---------- Provided data
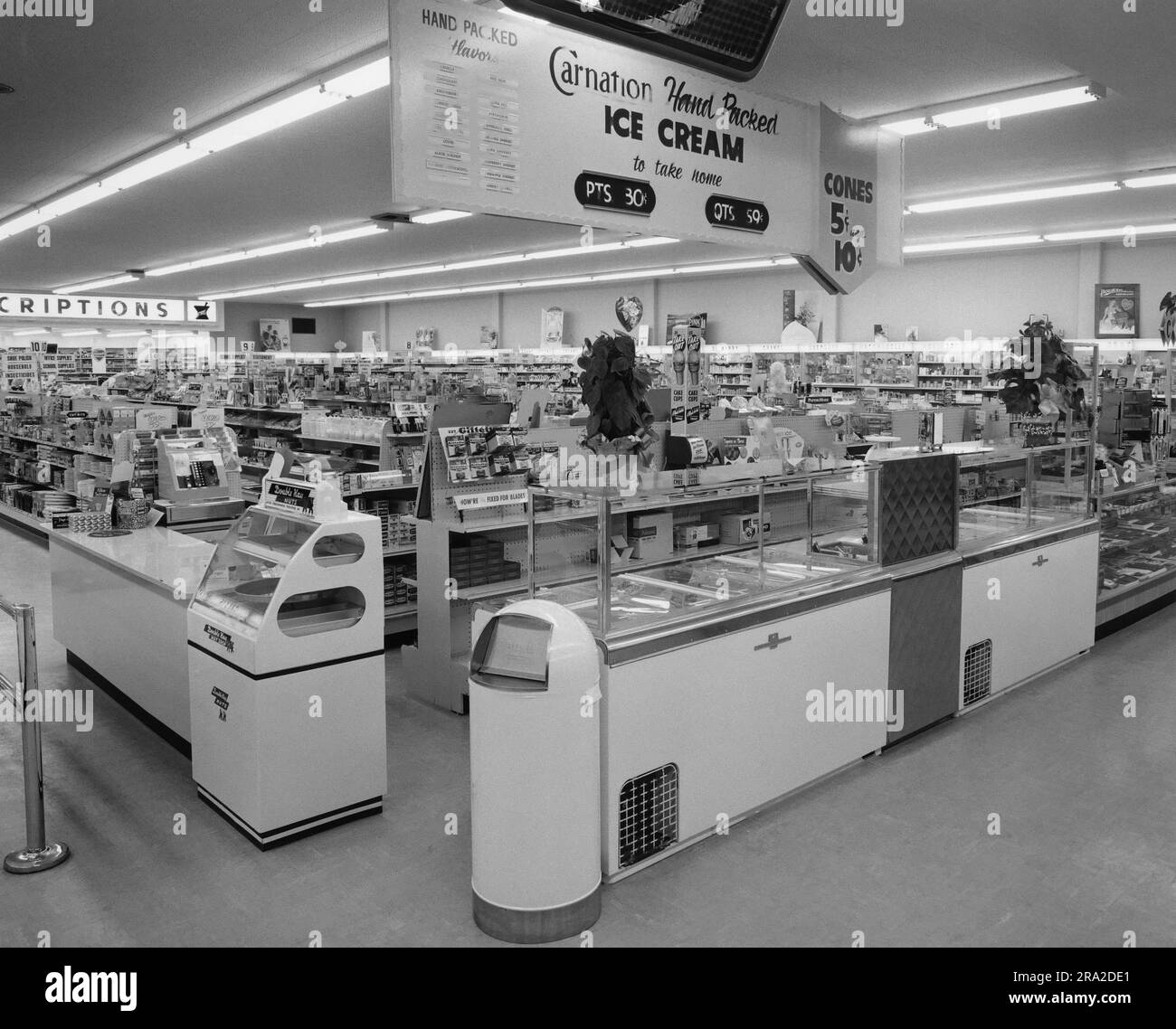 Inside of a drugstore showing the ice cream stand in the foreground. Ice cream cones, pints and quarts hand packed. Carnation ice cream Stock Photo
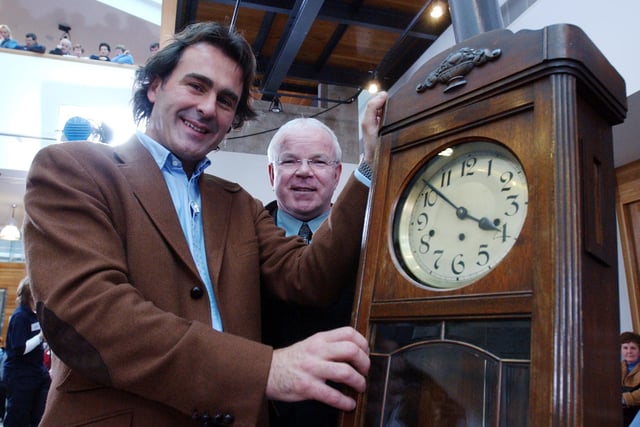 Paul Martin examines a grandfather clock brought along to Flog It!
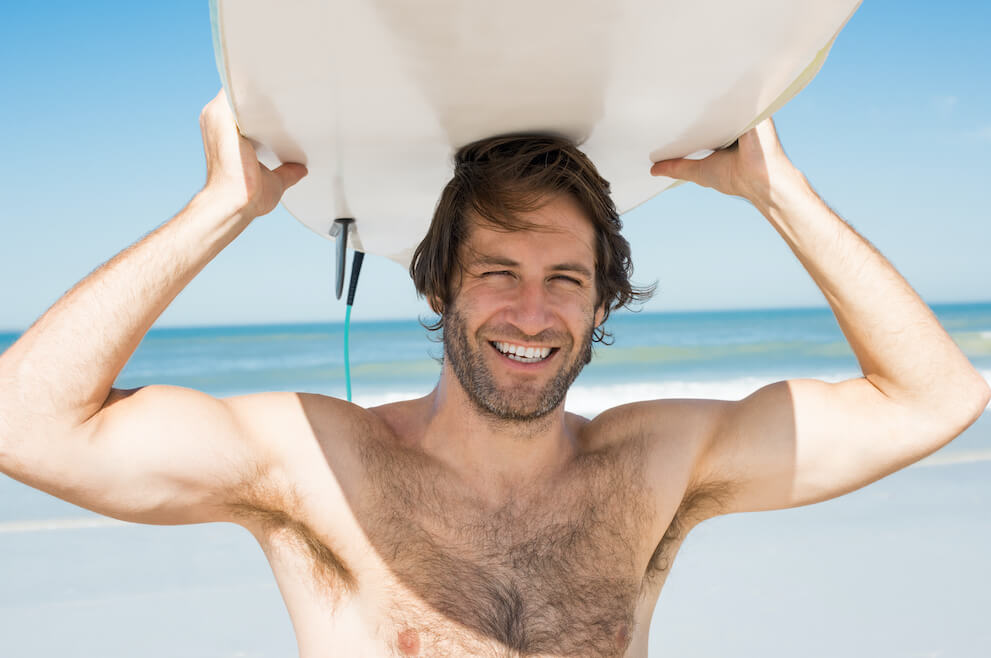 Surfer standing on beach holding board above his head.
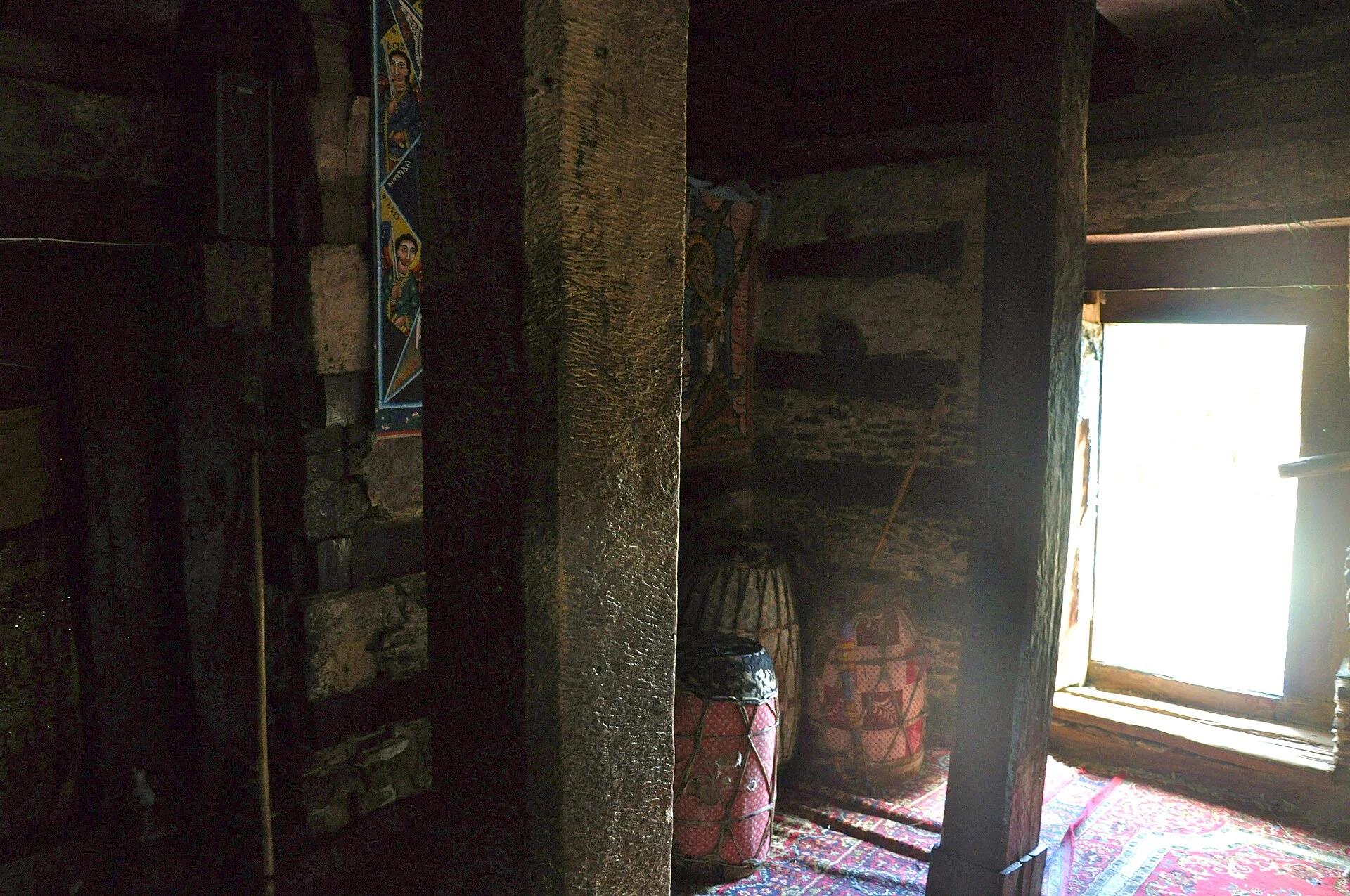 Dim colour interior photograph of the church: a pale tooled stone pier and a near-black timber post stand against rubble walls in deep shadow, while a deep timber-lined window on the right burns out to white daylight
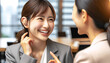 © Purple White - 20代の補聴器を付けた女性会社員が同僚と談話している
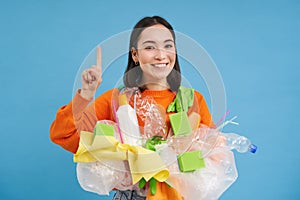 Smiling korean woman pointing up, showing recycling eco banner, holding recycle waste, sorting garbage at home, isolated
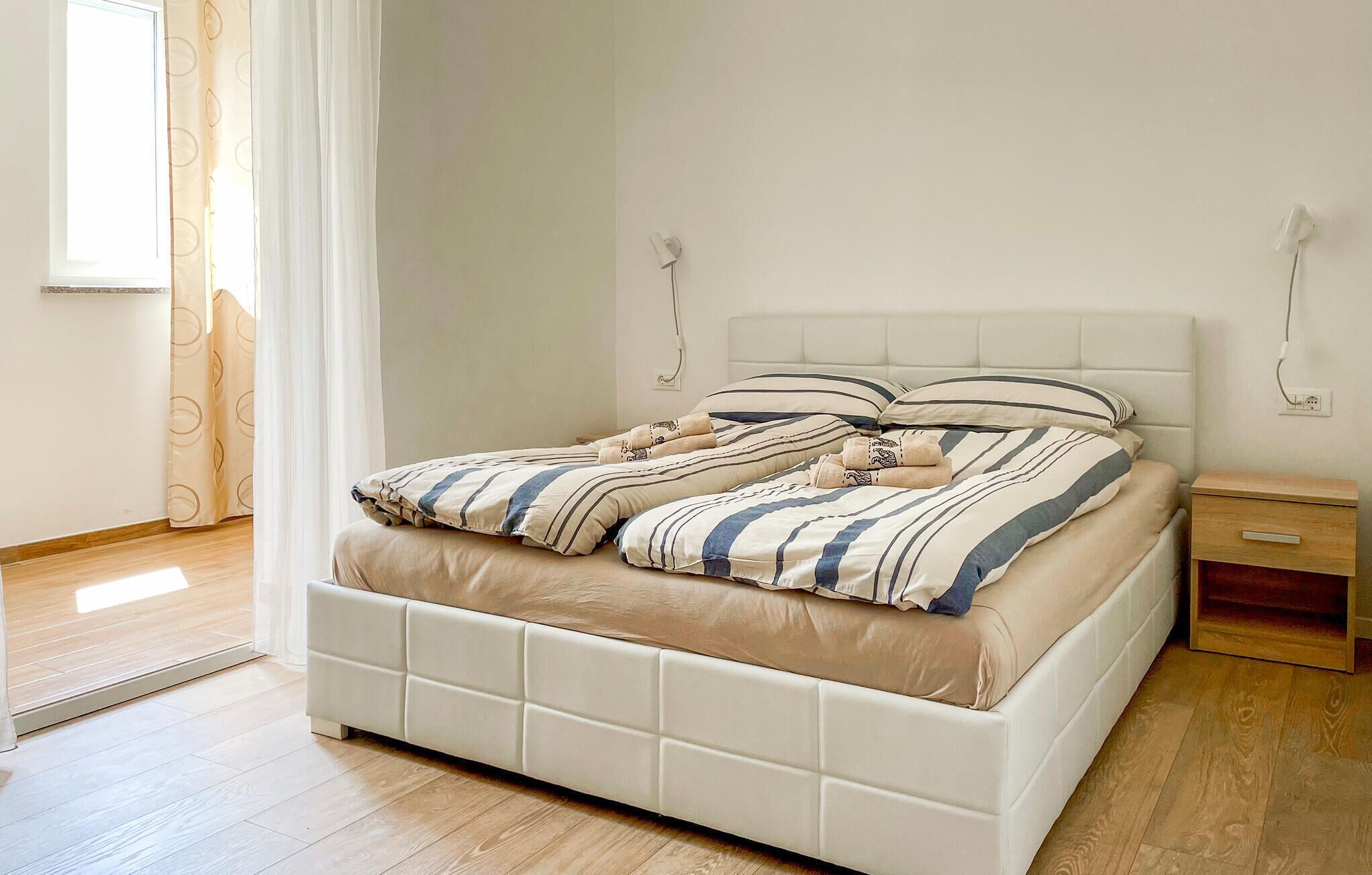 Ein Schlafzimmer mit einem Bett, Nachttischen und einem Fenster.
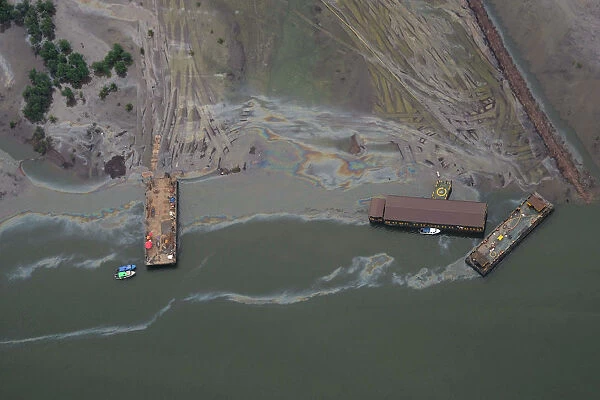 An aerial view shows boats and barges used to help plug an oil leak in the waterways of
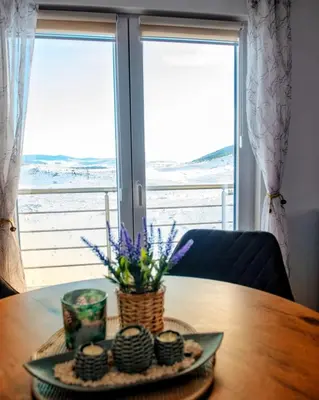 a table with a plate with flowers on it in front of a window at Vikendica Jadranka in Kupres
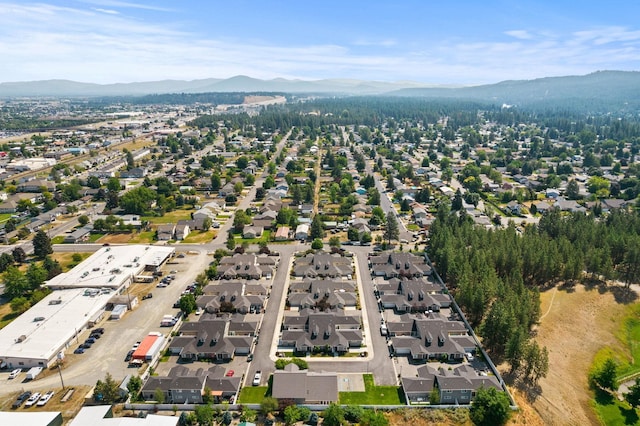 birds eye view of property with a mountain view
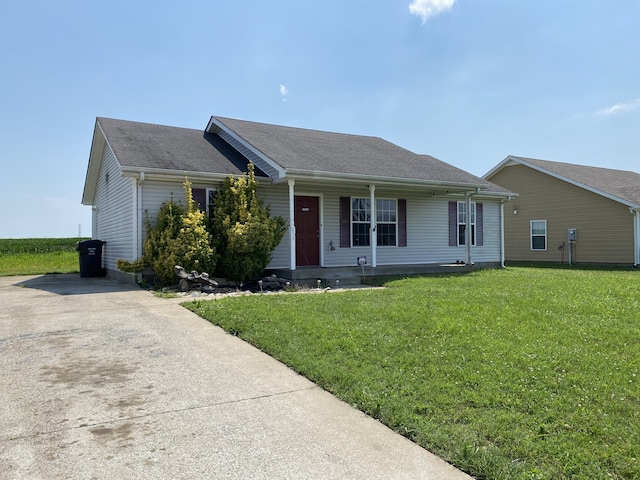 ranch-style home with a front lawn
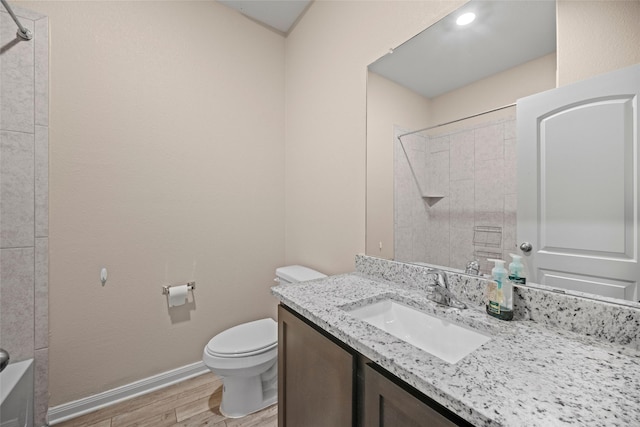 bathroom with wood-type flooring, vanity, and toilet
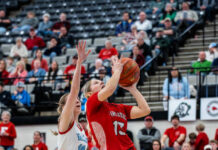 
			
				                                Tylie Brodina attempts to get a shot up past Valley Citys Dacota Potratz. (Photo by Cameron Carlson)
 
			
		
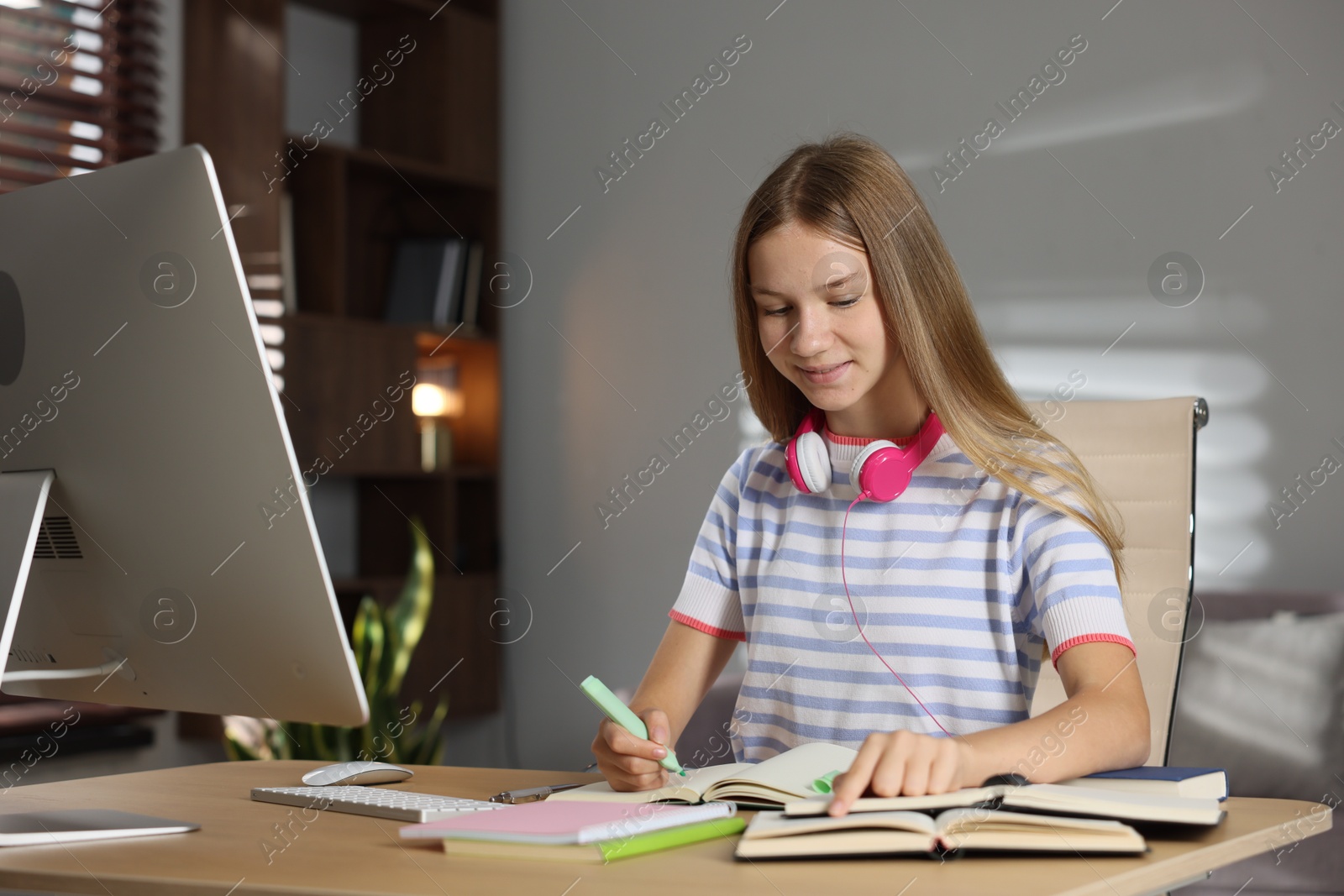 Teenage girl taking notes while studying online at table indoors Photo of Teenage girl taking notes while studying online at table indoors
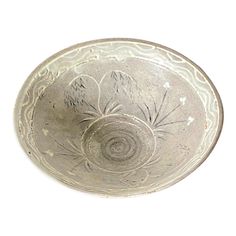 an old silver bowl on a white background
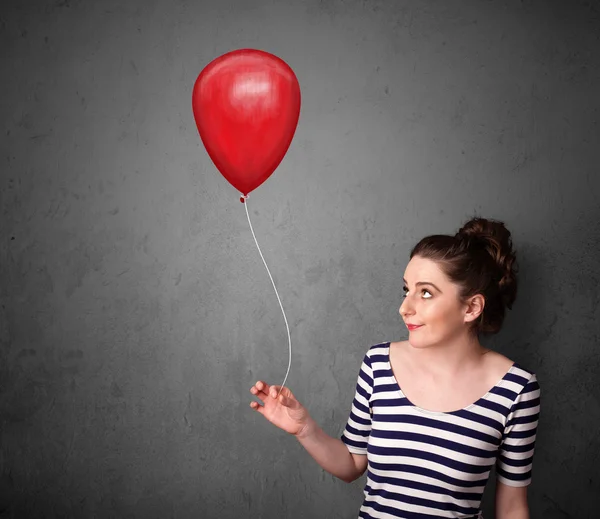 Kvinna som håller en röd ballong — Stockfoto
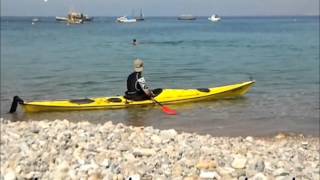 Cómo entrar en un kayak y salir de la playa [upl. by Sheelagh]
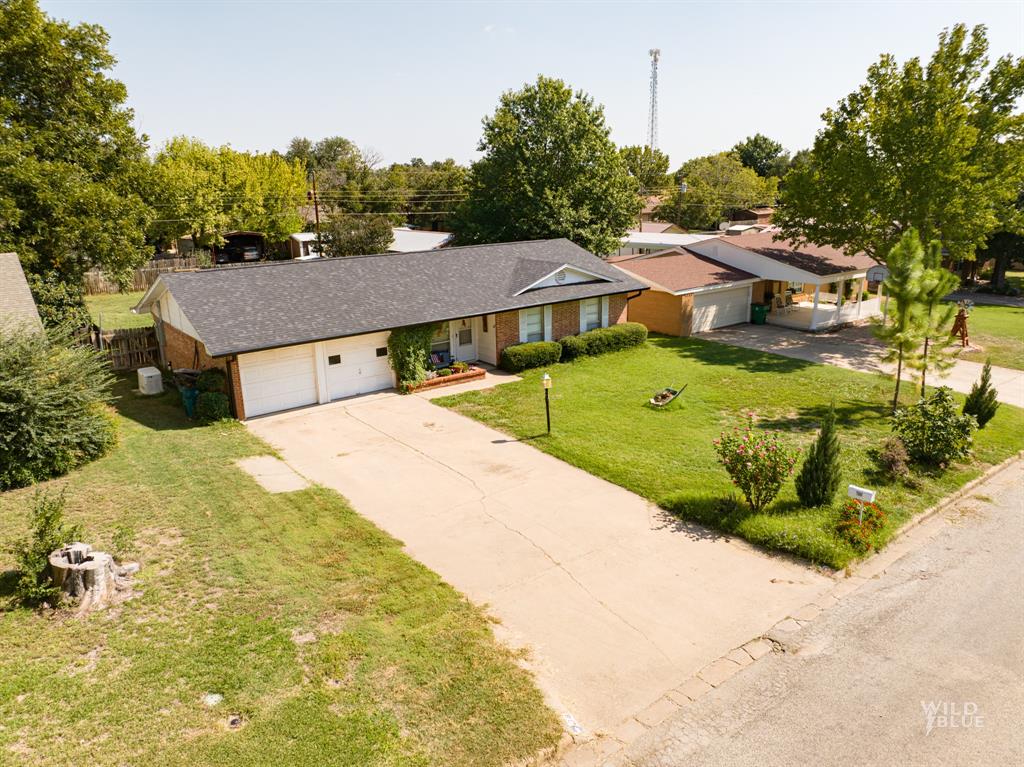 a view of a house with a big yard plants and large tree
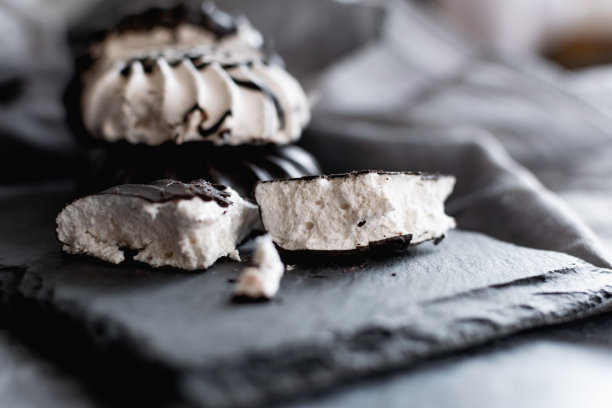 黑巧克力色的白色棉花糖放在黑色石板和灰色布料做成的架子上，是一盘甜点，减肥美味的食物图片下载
--------------------
> What this task involves: Your task is to reproduce exactly the lines from the one with "Ein Schlafzimmer mit" to the end of the material, both included, with the pictures left out.

> Response:
 Ein Schlafzimmer mit einem Bett, Nachttischen und einem Fenster.
 An aerial view shows boats and barges used to help plug an oil leak in the waterways of
 a table with a plate with flowers on it in front of a window at Vikendica Jadranka in Kupres
 birds eye view of property with a mountain view
 ranch-style home with a front lawn
 bathroom with wood-type flooring, vanity, and toilet
			
				                                Tylie Brodina attempts to get a shot up past Valley Citys Dacota Potratz. (Photo by Cameron Carlson)
 
			
		
 Teenage girl taking notes while studying online at table indoors Photo of Teenage girl taking notes while studying online at table indoors
 an old silver bowl on a white background
 Kvinna som håller en röd ballong — Stockfoto
 Cómo entrar en un kayak y salir de la playa [upl. by Sheelagh]
 a view of a house with a big yard plants and large tree
 黑巧克力色的白色棉花糖放在黑色石板和灰色布料做成的架子上，是一盘甜点，减肥美味的食物图片下载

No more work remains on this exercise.